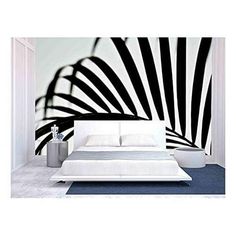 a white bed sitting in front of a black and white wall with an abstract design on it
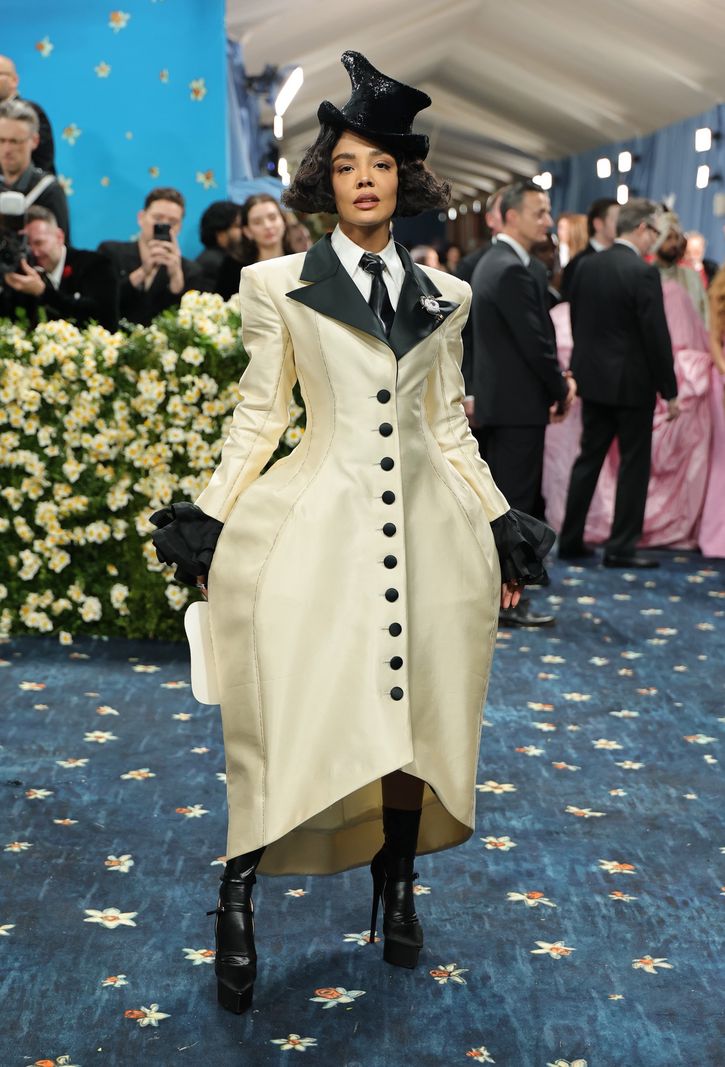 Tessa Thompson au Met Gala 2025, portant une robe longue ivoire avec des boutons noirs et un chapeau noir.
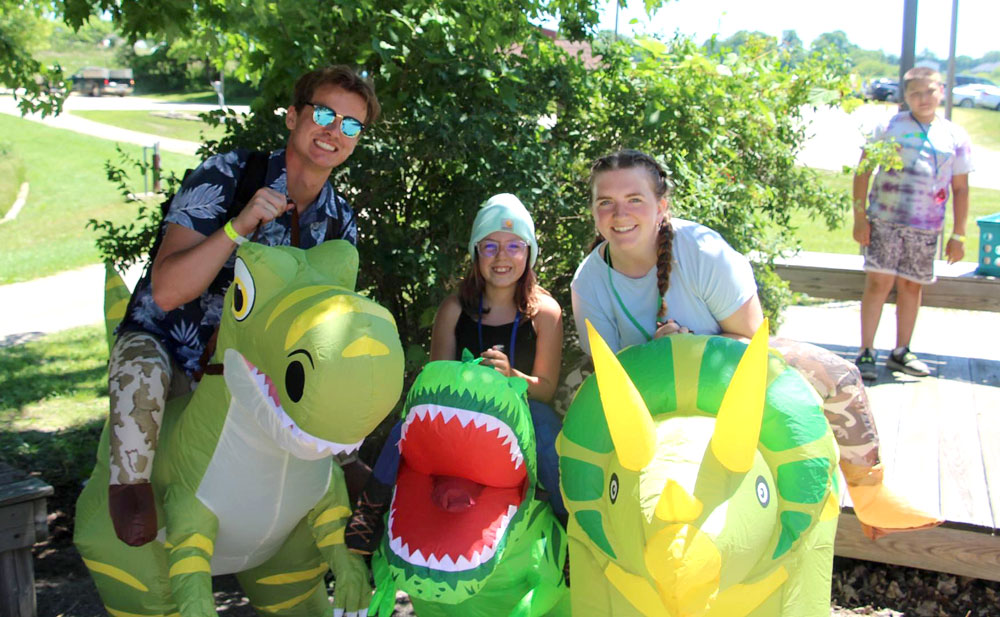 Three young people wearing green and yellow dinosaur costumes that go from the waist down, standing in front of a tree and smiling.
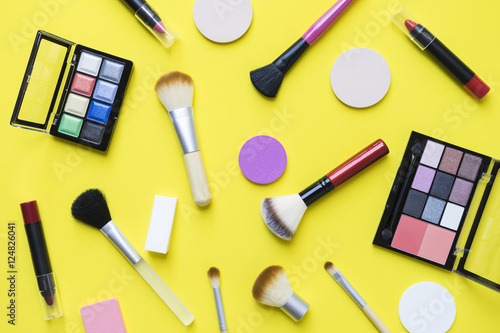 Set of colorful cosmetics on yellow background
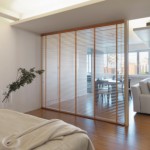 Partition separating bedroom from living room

######

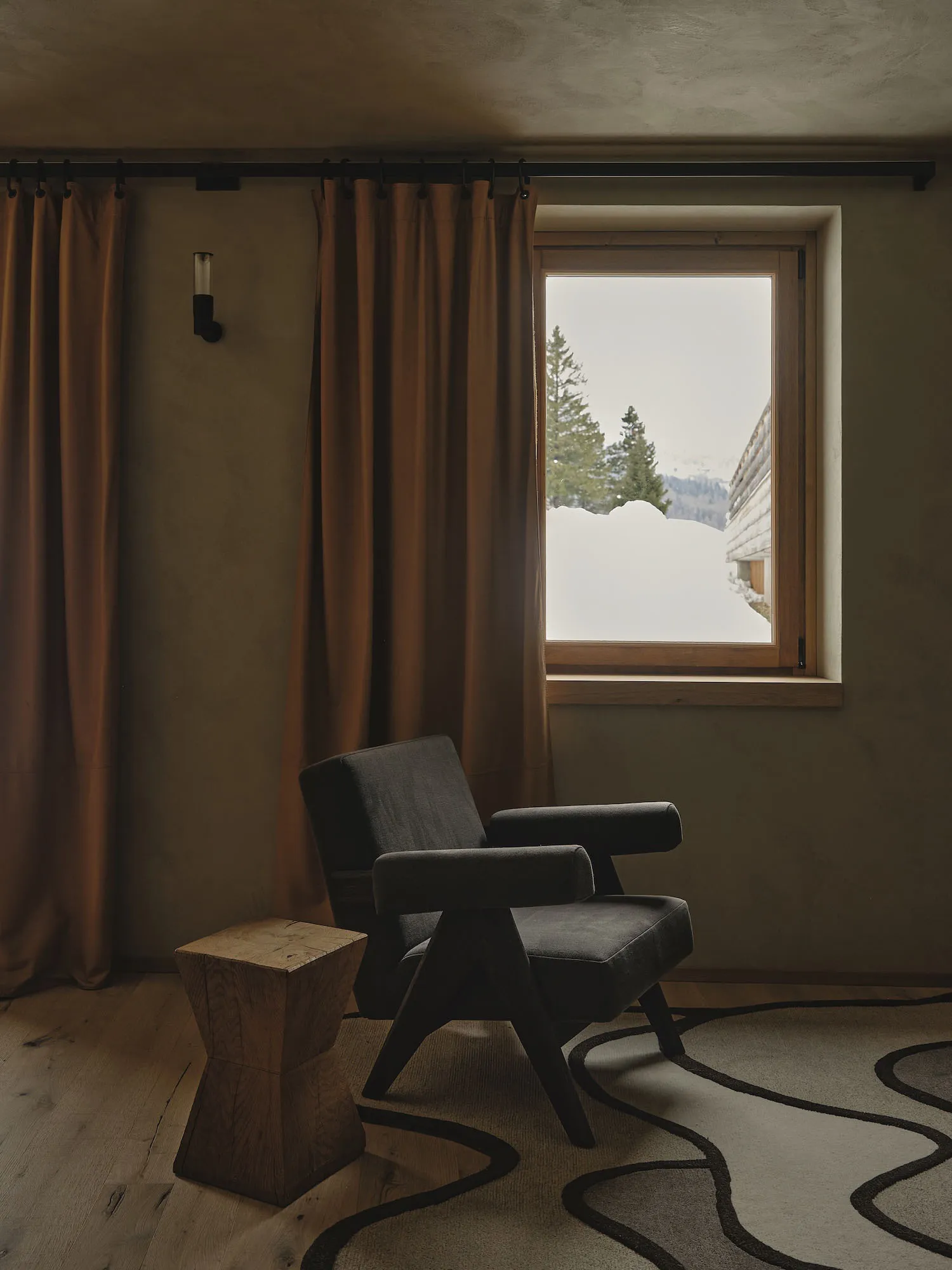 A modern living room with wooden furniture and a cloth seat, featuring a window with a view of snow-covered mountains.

######

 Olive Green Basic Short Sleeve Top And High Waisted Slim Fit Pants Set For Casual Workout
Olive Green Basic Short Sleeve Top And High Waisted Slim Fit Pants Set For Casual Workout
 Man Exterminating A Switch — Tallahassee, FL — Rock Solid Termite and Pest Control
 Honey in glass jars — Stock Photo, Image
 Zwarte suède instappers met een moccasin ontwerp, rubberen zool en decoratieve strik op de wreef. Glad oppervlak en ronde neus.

######

### BRIEF
What is needed is an exact copy of the lines above, from the one holding "a white bed" down to the one holding "Partition separating bedroom", with those two included and the pictures left out.

### SOLUTION FOR THIS TASK
 a white bed sitting in front of a black and white wall with an abstract design on it
 Tessa Thompson au Met Gala 2025, portant une robe longue ivoire avec des boutons noirs et un chapeau noir.
 Three young people wearing green and yellow dinosaur costumes that go from the waist down, standing in front of a tree and smiling.
 Set of colorful cosmetics on yellow background
 Partition separating bedroom from living room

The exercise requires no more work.